State BJP chief Devendra Fadnavis announced that the Bharatiya Janata Party and the Shiv Sena had “decided to go our independent ways” following the failure of seat-sharing talks.
A Shiv Sena leader who did not wish to be identified by name told IANS that the BJP’s “super arrogance” — following its victory in the Lok Sabha battle — was to blame for the end of the alliance.
The break-up came after days of bickering over which party in the six-party Grand Alliance will contest how many seats and who will be the chief ministerial candidate.
“We tried out level best till the very last to save the alliance,” a grim looking Fadnavis told the media.
“However, there was no suitable proposal from the Shiv Sena on the issue of seat-sharing which could honourably accommodate all the partners.
“Hence we have decided to go our independent ways,” he said.
Responding to the development, Shiv Sena MP Anandrao Adsul alleged that the BJP’s decision to dump the Sena followed its “secret understanding” with the Nationalist Congress Party (NCP).
Speculation was rife whether the Shiv Sena would now continue to remain with the BJP-led government of Prime Minister Narendra Modi.
There were reports that Anant Geete, the sole Sena minister in the Modi government, had left New Delhi for Mumbai.
Fadnavis, however, said that the BJP would continue its “friendship” with the Sena and his party would not attack the Sena during the election campaign.
“We regret and feel sad by this (development) but we had no options as the Shiv Sena did not cooperate till the last minute,” he said.
“The deadline for filing nominations is Sep 27, and we were compelled to take this decision reluctantly,” Fadnavis said.
BJP’s Eknath Khadse, leader of the opposition in the Maharashtra assembly, said the Sena refused to budge from its stand of contesting 151 seats in the 288-member assembly.
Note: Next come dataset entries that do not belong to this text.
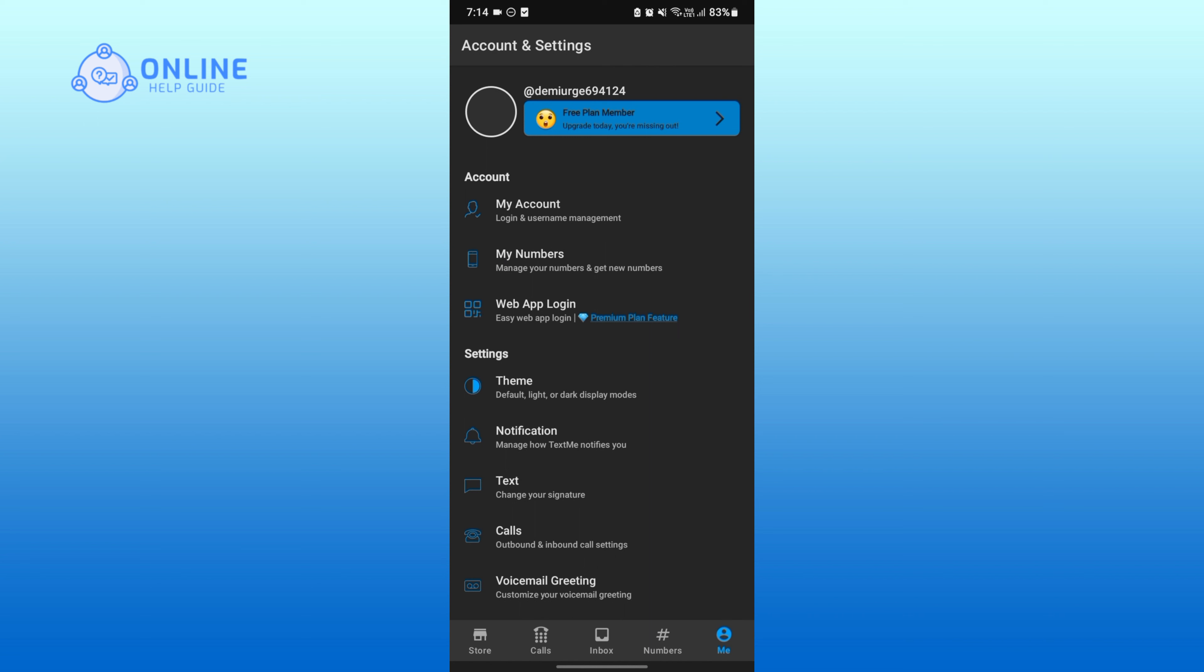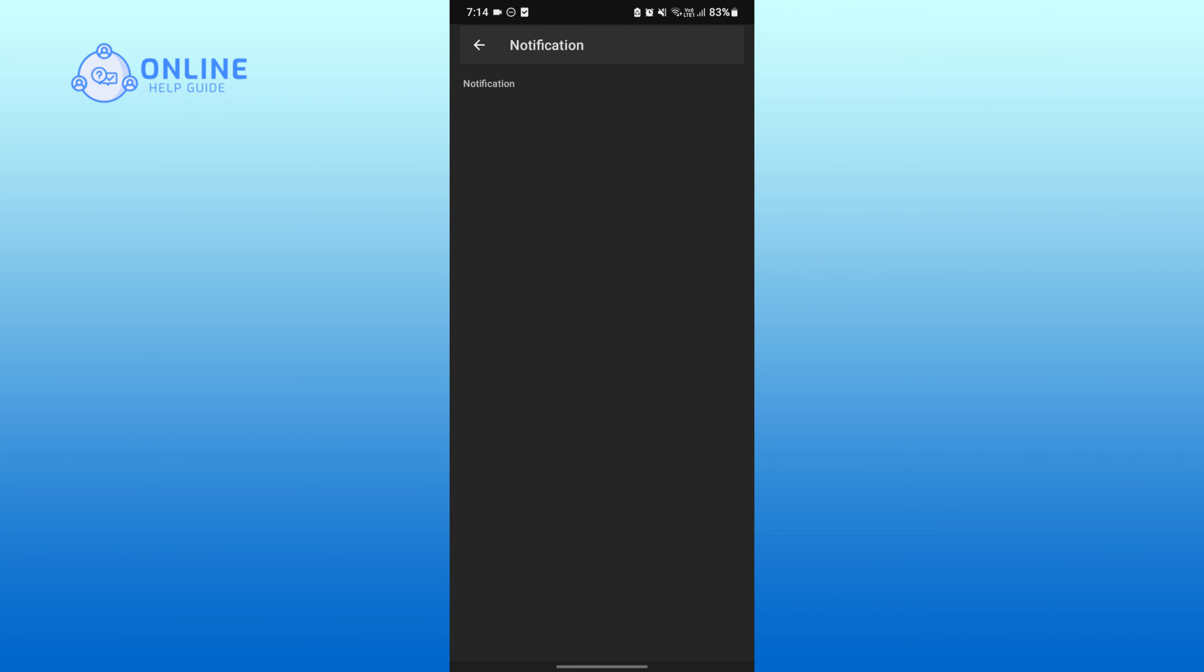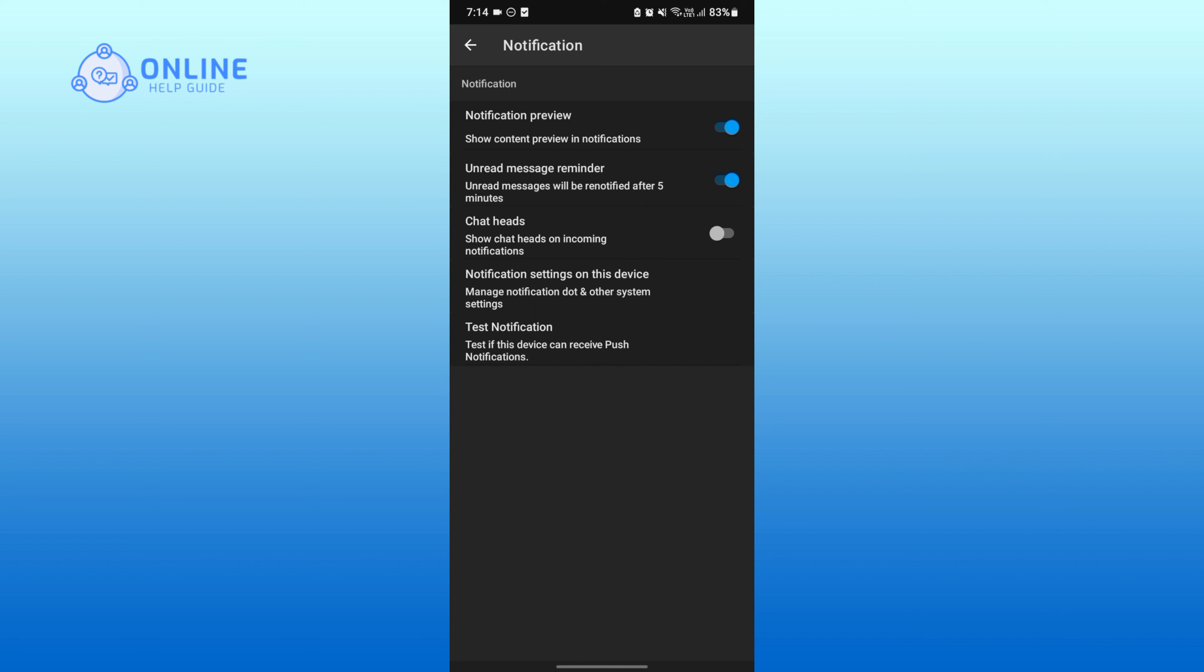Now onto the settings section, tap on notification. And from here you can easily manage your notifications whether you want to turn them off or turn them on.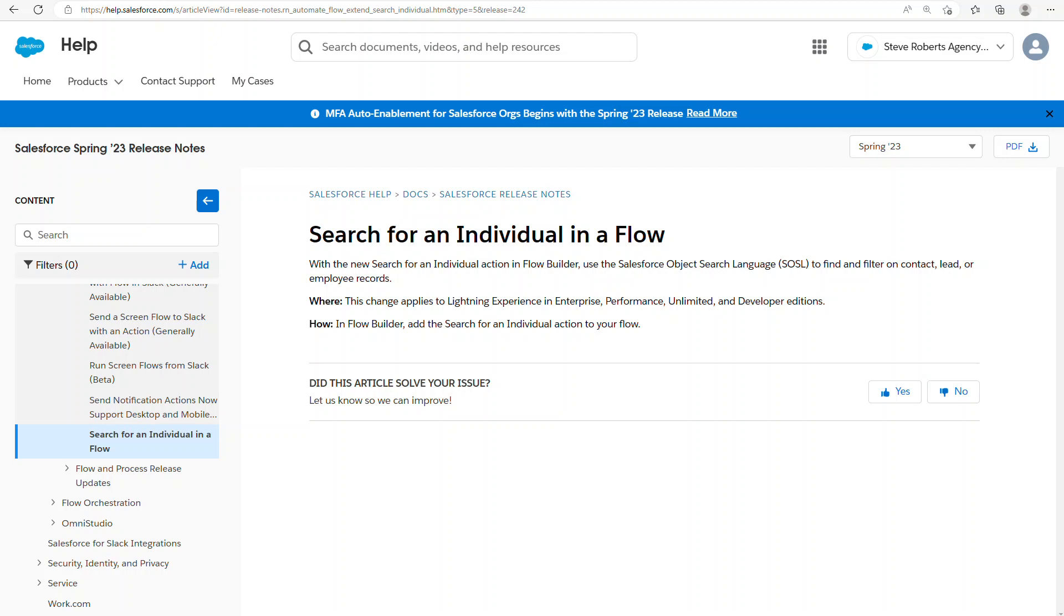Hello, my name is Bryan Stevenson, I'm the founder of CRMbrew, and today we're going to be looking at a Spring 23 feature, which is an action called search for an individual. You'll find this action in the Flow Builder in the coming weeks.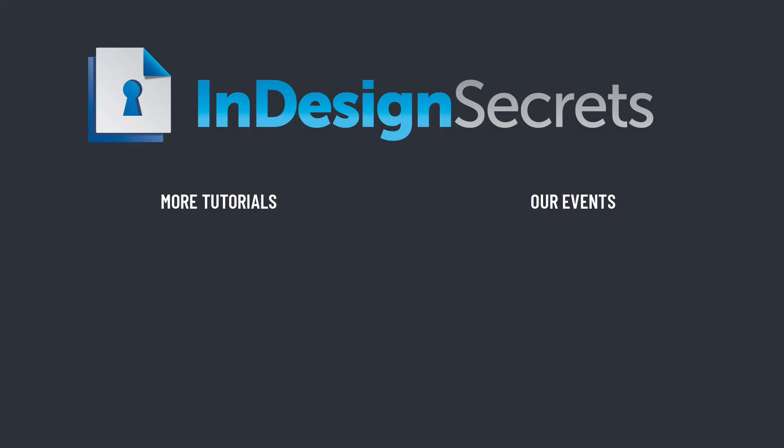I sure hope you found this tip helpful. Be sure to check out InDesignSecrets.com for thousands of InDesign articles and tutorials and to download a free sample issue of our monthly magazine called InDesign Magazine. Thanks for learning with us.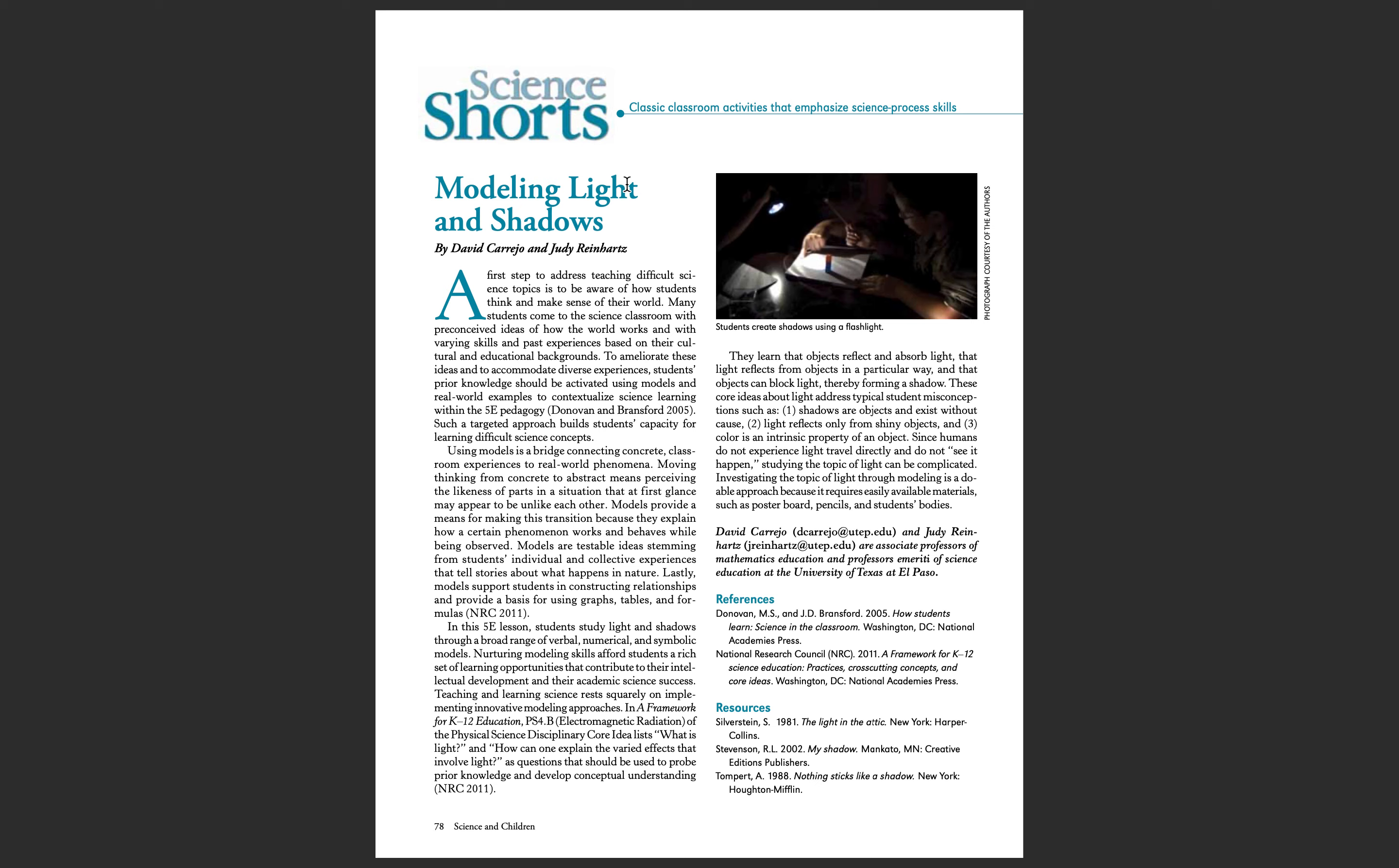Cause and effect is used a lot throughout the lesson plan by having students predict the types of shadows that will be produced as they use their bodies, objects, and materials with either a flashlight or the sun.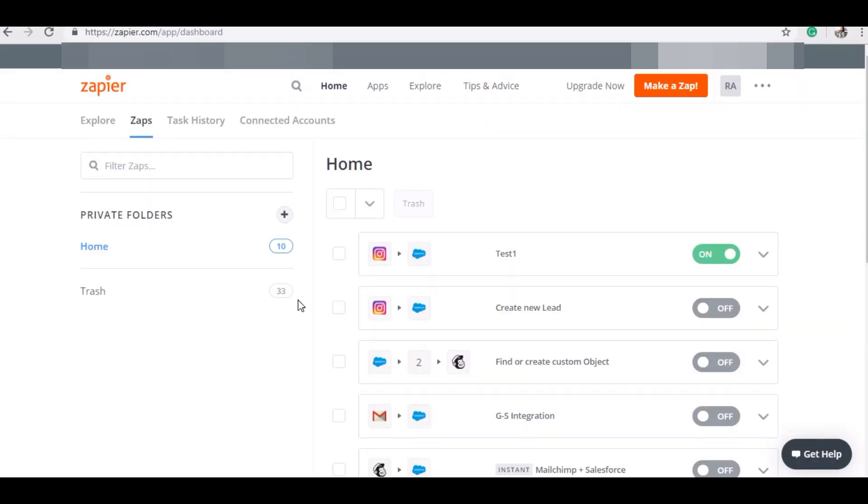As I have told you, Instagram and Salesforce can be integrated through Zapier. First of all, we have to create an account on Zapier and through that we can create a Zap. I already have created a Zap that is named Test1 in which Instagram and Salesforce are already integrated.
This left 137 seats for the BJP, the Republican Party of India (A), the Swabhimani Shetkari Sanghatana (SSS), the Rashtriya Samaj Paksha (RSP) and the Shiv Sangram.
Of these, he said the SSS, RSP and Shiv Sangram had decided to ally with the BJP for the Oct 15 elections.
Khadse added that the Shiv Sena’s discussions centred more on the post of chief minister.
“Our united efforts were to rid Maharashtra of the Congress-NCP combine at any cost. Other things would follow,” Khadse said, reiterating the BJP stand.
The Sena-BJP alliance was widely expected to seize power in the upcoming assembly elections.
Senior BJP and Shiv Sena leaders had indicated to IANS Sep 19 that the alliance was virtually over.
“It’s on the verge of breaking. Only a formal announcement is awaited,” a senior BJP leader had said.
Similarly, a Shiv Sena functionary hinted to IANS that the alliance “is over” but the party had decided to wait for further developments before declaring its stand.